The data Block Start
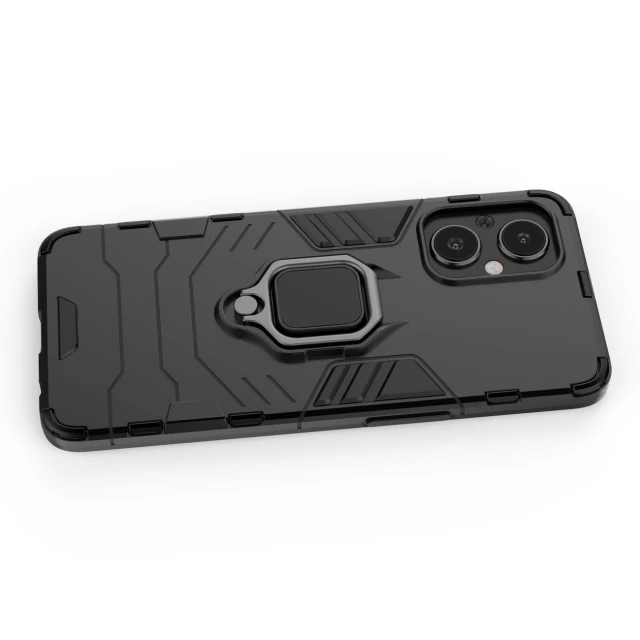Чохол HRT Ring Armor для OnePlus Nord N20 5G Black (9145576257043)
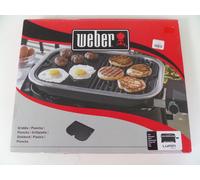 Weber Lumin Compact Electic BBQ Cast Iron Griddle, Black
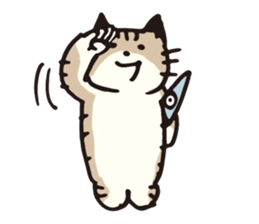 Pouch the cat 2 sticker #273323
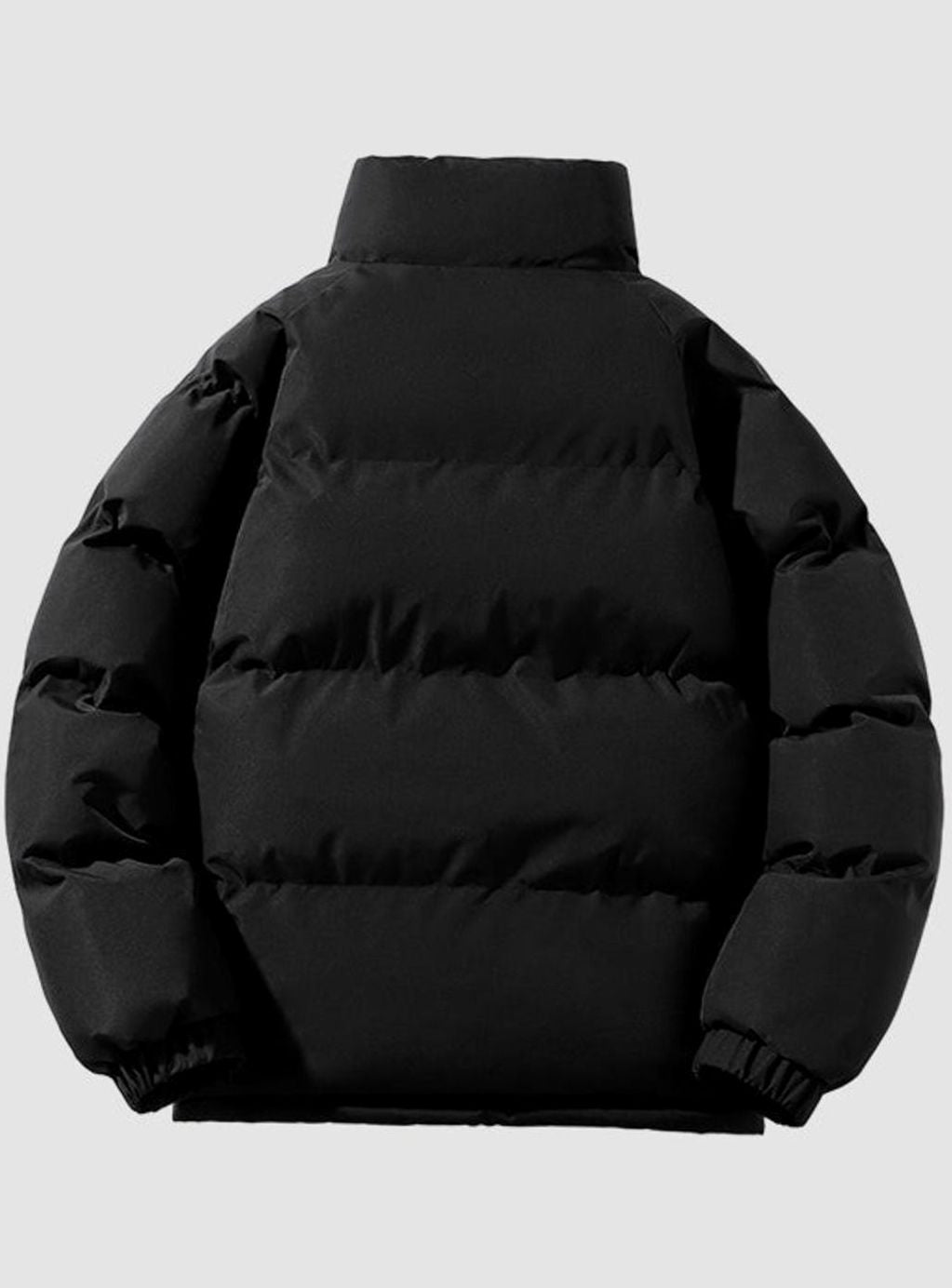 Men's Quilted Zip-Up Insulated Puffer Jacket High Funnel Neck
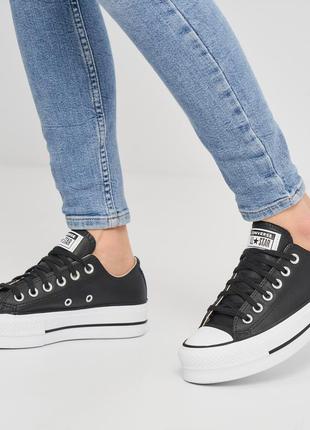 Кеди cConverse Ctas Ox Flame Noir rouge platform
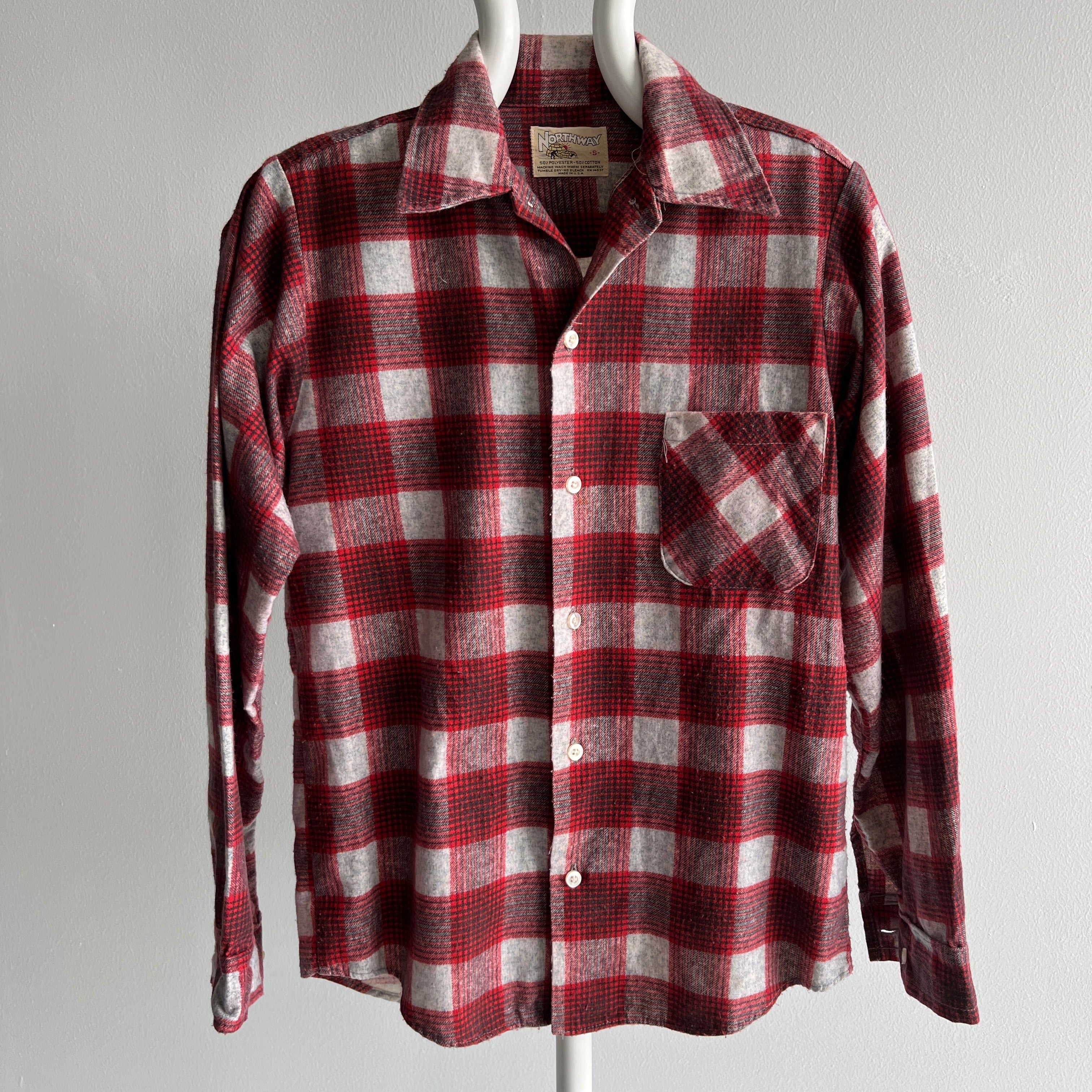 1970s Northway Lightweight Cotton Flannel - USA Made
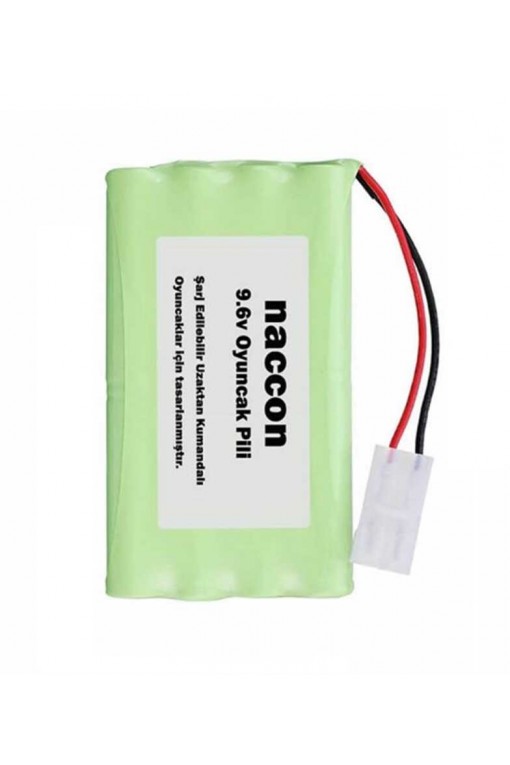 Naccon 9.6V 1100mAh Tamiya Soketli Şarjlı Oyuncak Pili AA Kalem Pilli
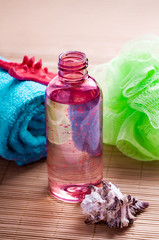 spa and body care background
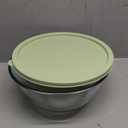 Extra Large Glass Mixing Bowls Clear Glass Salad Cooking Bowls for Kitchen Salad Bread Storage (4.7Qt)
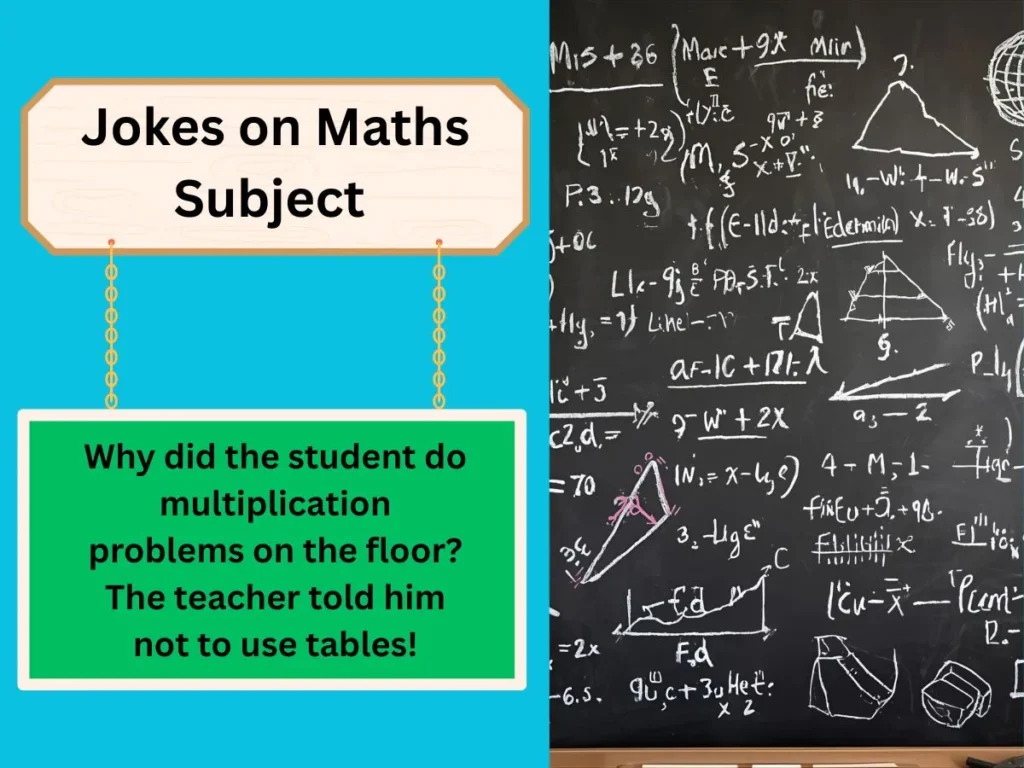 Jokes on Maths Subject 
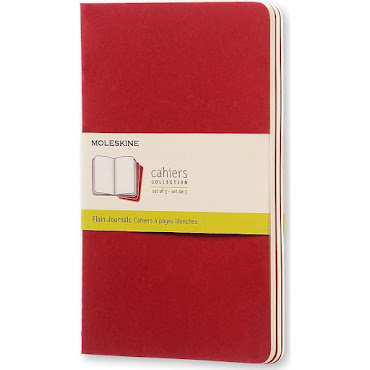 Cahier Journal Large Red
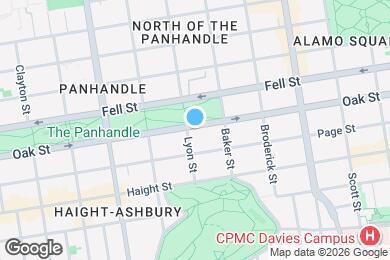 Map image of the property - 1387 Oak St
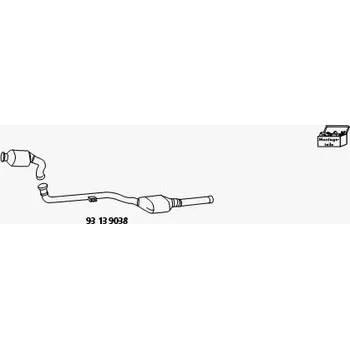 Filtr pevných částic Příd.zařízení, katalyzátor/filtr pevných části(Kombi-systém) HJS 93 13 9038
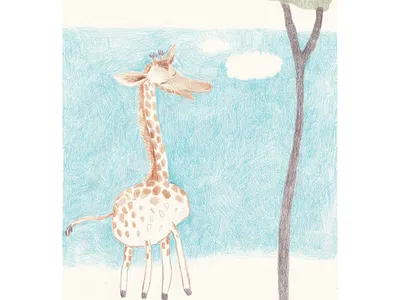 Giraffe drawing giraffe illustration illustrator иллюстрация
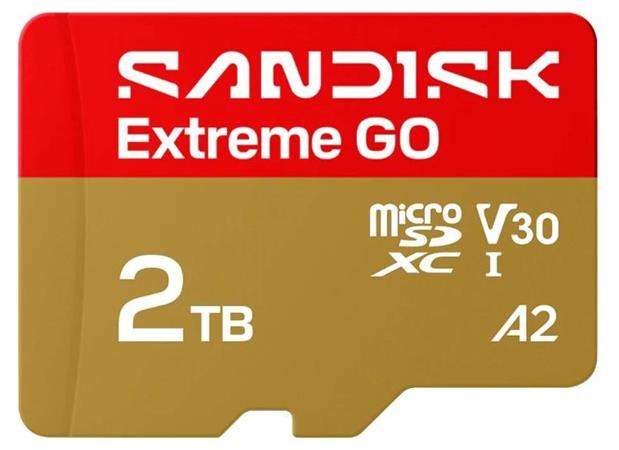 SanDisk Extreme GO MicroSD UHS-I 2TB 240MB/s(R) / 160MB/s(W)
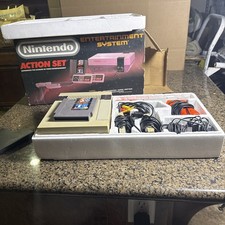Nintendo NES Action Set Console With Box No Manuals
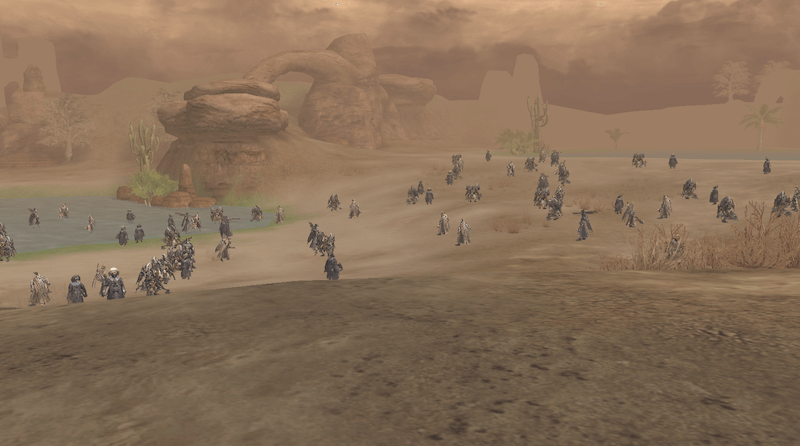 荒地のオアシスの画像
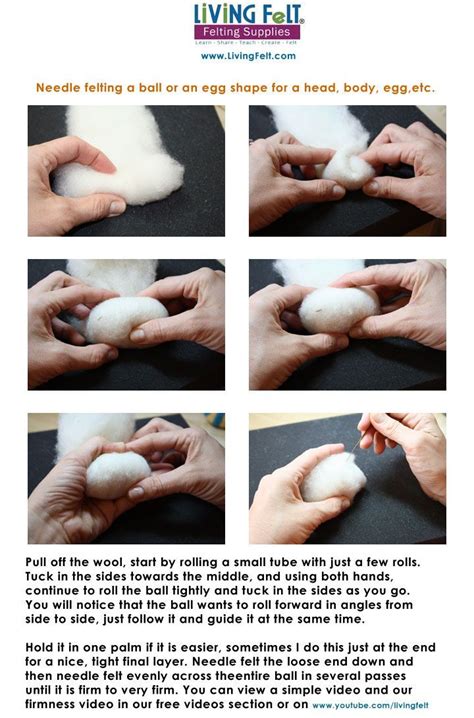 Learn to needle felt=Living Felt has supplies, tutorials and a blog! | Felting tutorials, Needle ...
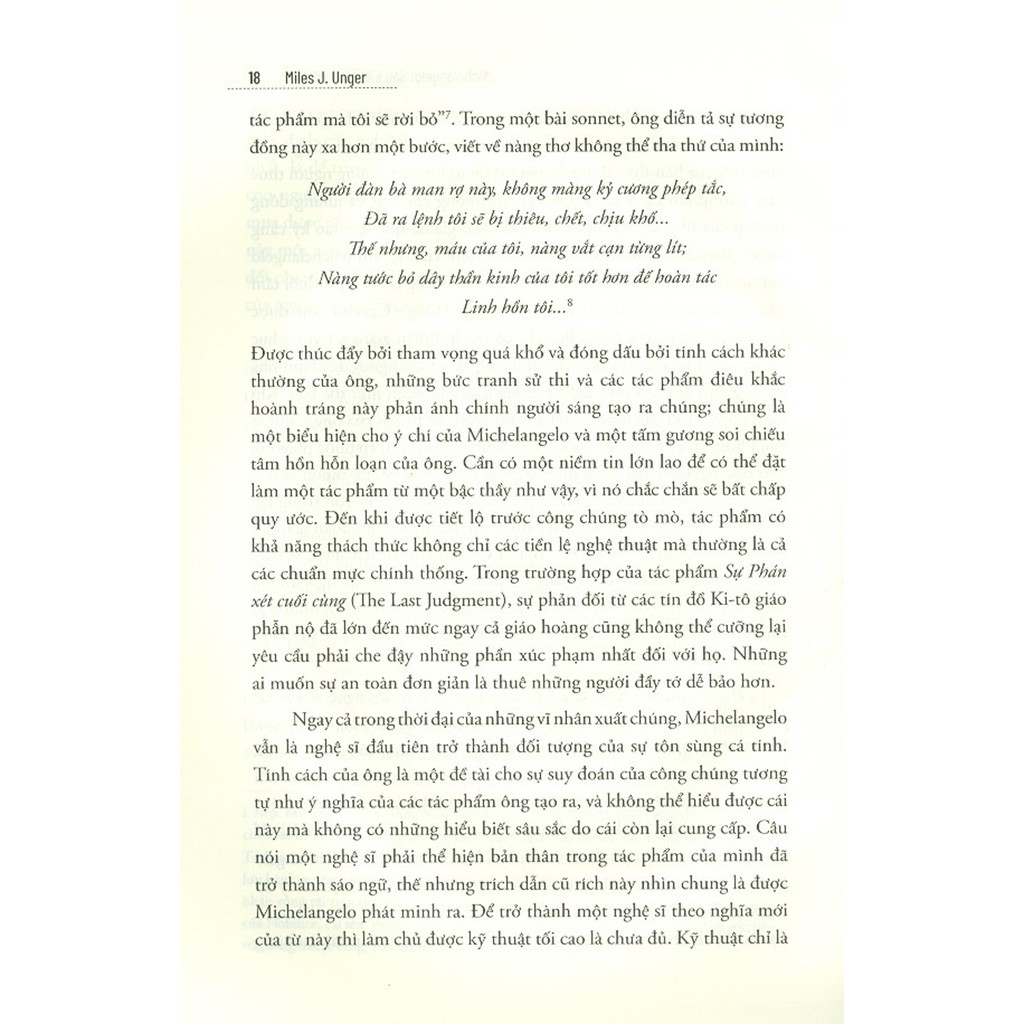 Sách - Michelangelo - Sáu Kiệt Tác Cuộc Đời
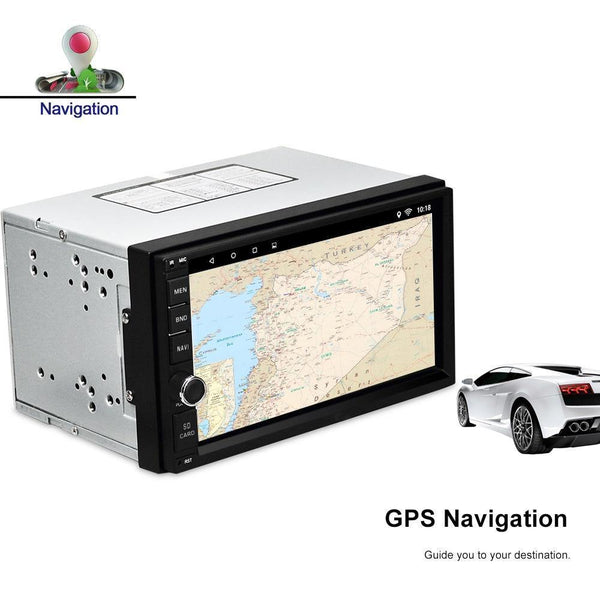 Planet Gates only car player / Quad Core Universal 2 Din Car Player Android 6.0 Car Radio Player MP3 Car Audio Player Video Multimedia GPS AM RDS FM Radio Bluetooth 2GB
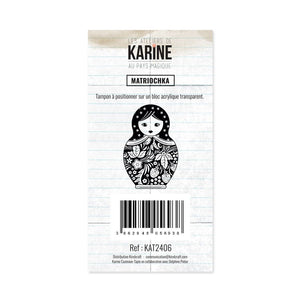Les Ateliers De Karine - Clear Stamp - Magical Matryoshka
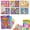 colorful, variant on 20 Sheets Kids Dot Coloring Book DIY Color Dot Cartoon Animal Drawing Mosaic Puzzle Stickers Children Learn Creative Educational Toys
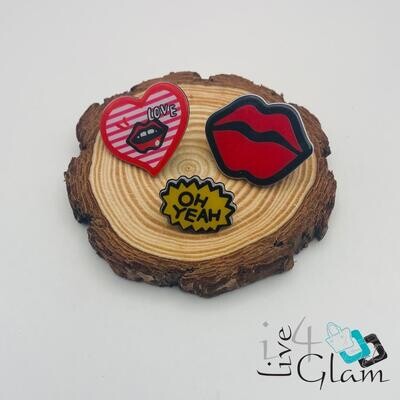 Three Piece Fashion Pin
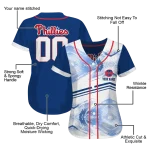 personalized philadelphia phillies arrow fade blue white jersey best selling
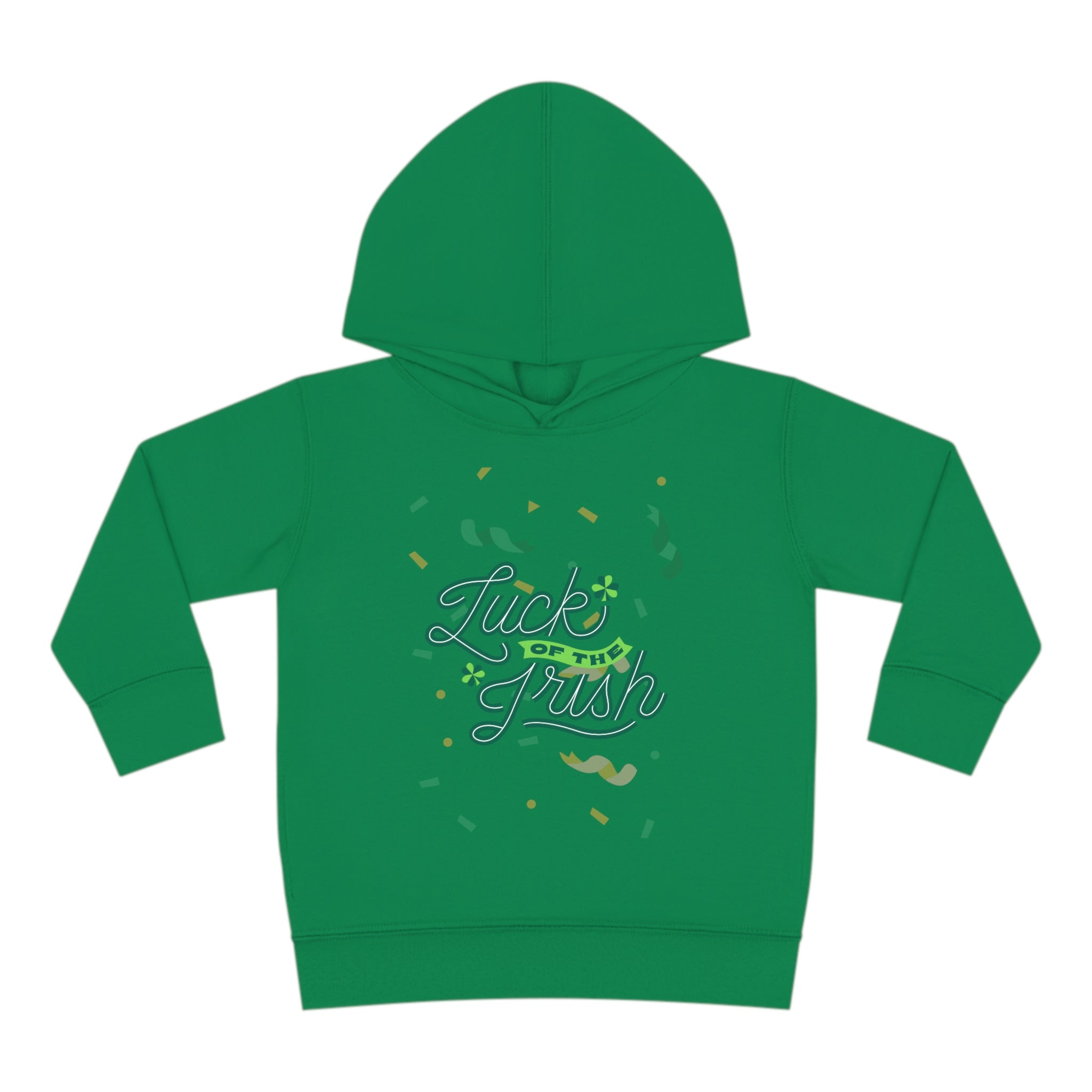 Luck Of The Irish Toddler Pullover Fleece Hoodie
The data Block End
**Work instructions**
The line containing "personalized philadelphia phillies" and every line after it, through the end of the records, are what you should retype exactly. Do not include the pictures.

**Response to the exercise**
 personalized philadelphia phillies arrow fade blue white jersey best selling
 Luck Of The Irish Toddler Pullover Fleece Hoodie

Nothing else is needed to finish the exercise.